Luke Anaclerio, the frontman, wore a yellow shirt that was as bright as the sun. His singing voice was relaxed, but came out a little rumbly because the lyrics were slightly screamed. It reminded me of tumultuous ocean waves that crashed onto an otherwise calm sandy beach. 

The keyboards sounded watery and fluid against the clean tone of the guitar. In “Creepin’” the keyboard took a solo that everyone enjoyed and danced to. A mix of surf rock and a phased keys, the music was so much fun to experience.

“We also have free stickers! Go grab one!” Anaclerio yelled into the mic. Many people rushed over to the merch table to go get one. Before the night was over, all the stickers were gone. 
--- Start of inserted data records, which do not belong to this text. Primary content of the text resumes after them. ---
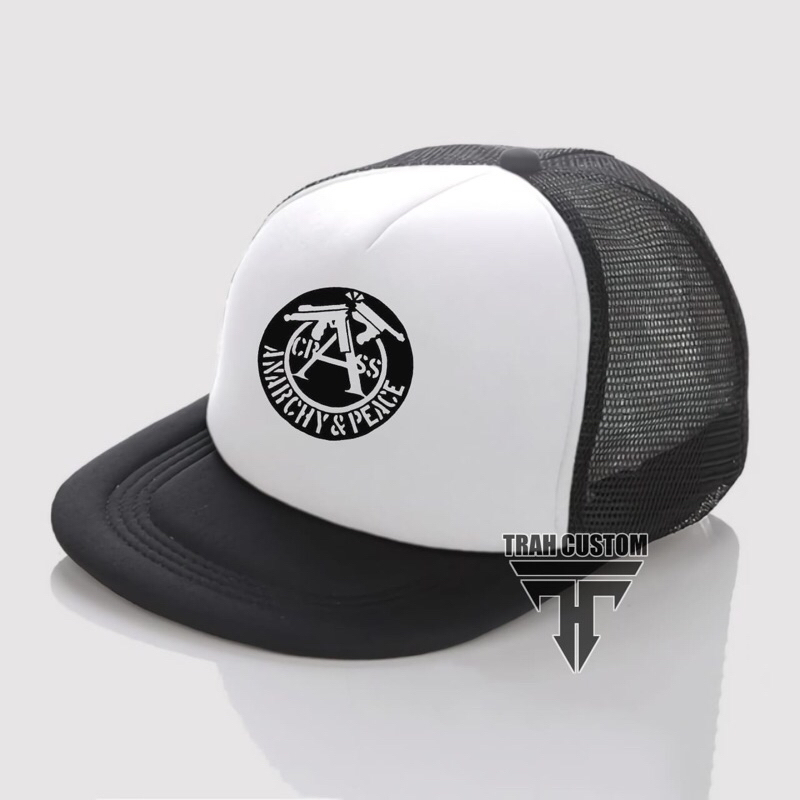 Topi CRASS PUNK - Anarchy & Peace / Snapback Trucker Hat Band / Topi Snapback Trucker Distro / Topi 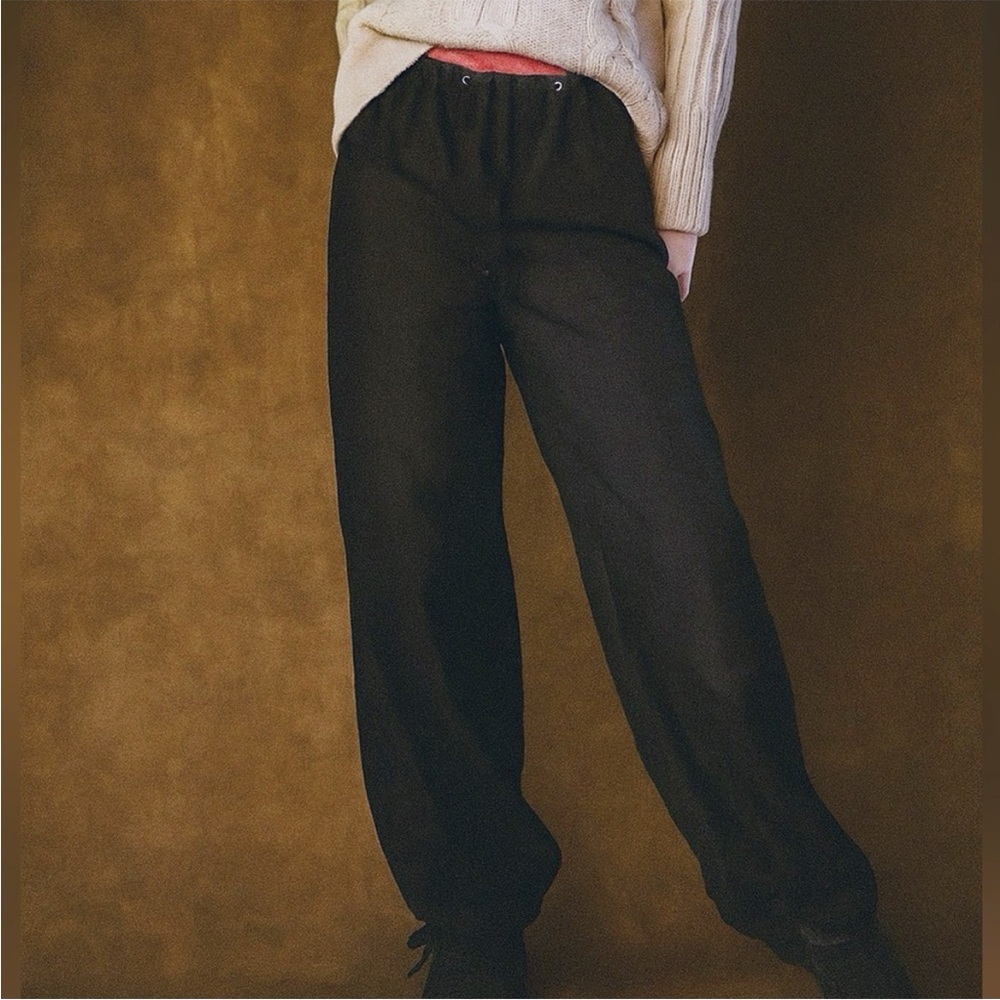 Vtg Urban Groove Black Parachute Harem Soft Straight Wide Leg Cargo Pants - Picture 2 of 13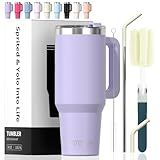 40 oz Tumbler with Handle,Tumbler with Lid and Straw,Double Wall Insulated Cup Stainless Steel Travel Mug(Cold for 34 Hours),Water Bottle for Iced Tea,Coffee,Cold Beverages(Purple)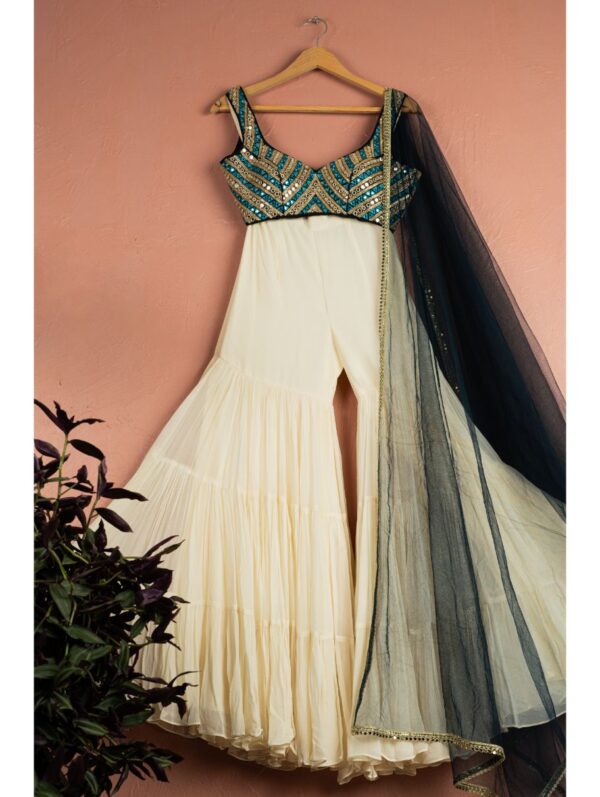 Anisha Shetty - IVORY MIDNIGHT BLUE MIRROR MAGIC SHARARA SET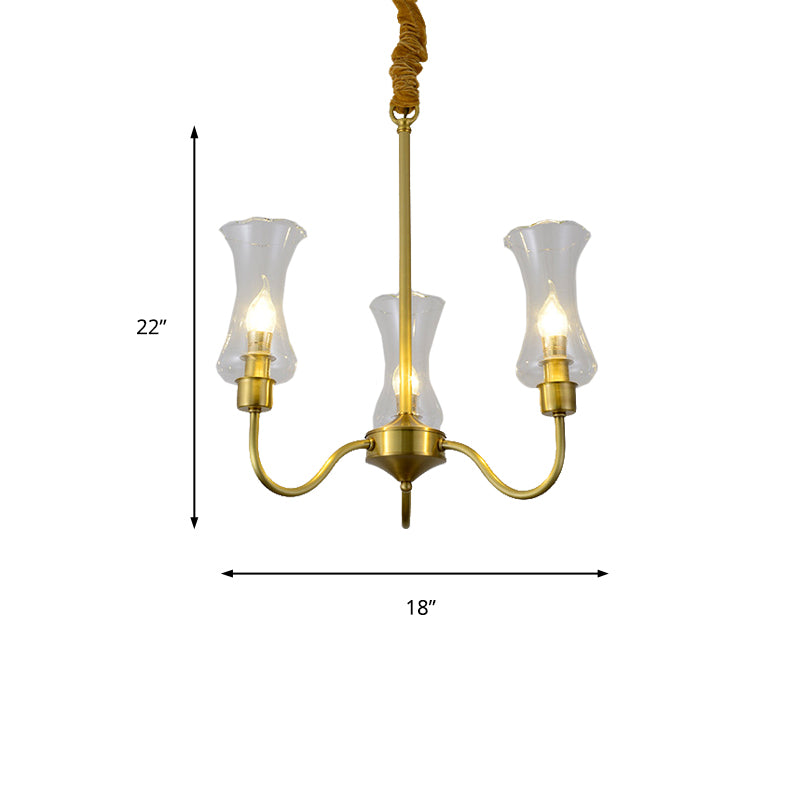 Brass 3/5 Lights Chandelier Light Fixture Traditional Clear Glass Flower Pendant Lamp Clearhalo 'Ceiling Lights' 'Chandeliers' 'Close To Ceiling Lights' 'Glass shade' 'Glass' Lighting' 214645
Winter Beach ended their set with “Service Dog”, their newest single. As soon as the drums crashed in, the audience started head banging, shaking their hair back and forth like palm trees. Once the song got to the chorus, everyone started jumping around until it became a mini mosh pit! 

Even though everyone was knocking into each other, they were also catching and hugging one another to make sure nobody fell. It was the most loving mosh I had ever experienced and it reminded me of the shows in Goo Lagoon’s attic. Goo Lagoon was a physical location, but more than anything, it was a feeling. It’s the people that create these spaces, and those people, along with new faces, were here. My cheeks hurt from smiling so much. 

You can listen to Winter Beach’s discography here.

Social Media: @winterbeachband



The band members of Godcaster stepped onto the tiled floor and adorned their crowns–and by that, I mean their instruments. They began without warning. The bass guitar thumped and created a groove for the rest for the band. Frontman Judson Kolk immediately took command of the space, kneeling onto the ground with his electric guitar. There was something inherently theatrical about their introduction that reminded me of the glam rock era of Queen.

However, there’s more to Godcaster than just this! Bassist Von Kerr suddenly pulled a flute out of nowhere! With her bass still strapped on, she started playing vivaciously, picking up speed to match the sudden tempo change that the rest of the band adorned. The flute trilled relentlessly and added so many notes to the growing wave of sound. 

The song they were playing changed time signatures effortlessly, still fast paced but moved through different rhythms. It reminded me of the organized chaos that Guerilla Toss’ created with their time signature changes a few months ago at The Haunt

The song lulled to a stop and into the easing melody of “Sassy Stick Boy”. The audience swayed back and forth to the music, relaxing into a steady pace. The flute was calm and reminiscent of a song that could be on a Pokemon video game soundtrack. However, just as quickly as the song came, it dipped right into the fast-paced, punchy “Groove Station.” Kerr walked out into the crowd and started dancing with everyone, which made the crowd so excited! By the time the music had reached its peak, the crowd was moshing with each other again. 

Kerr walked back to the band in time for Kolk to yell a count off of: “1! 2! 3! 4!” and then they all started playing at the same time. At this point, it was very unclear where and when songs were stopping and starting. The Brooklyn-based band brought the New York City subways with them: the flute was going crazy with random notes, the drums were slamming and there was the screeching feedback of the electric guitar. 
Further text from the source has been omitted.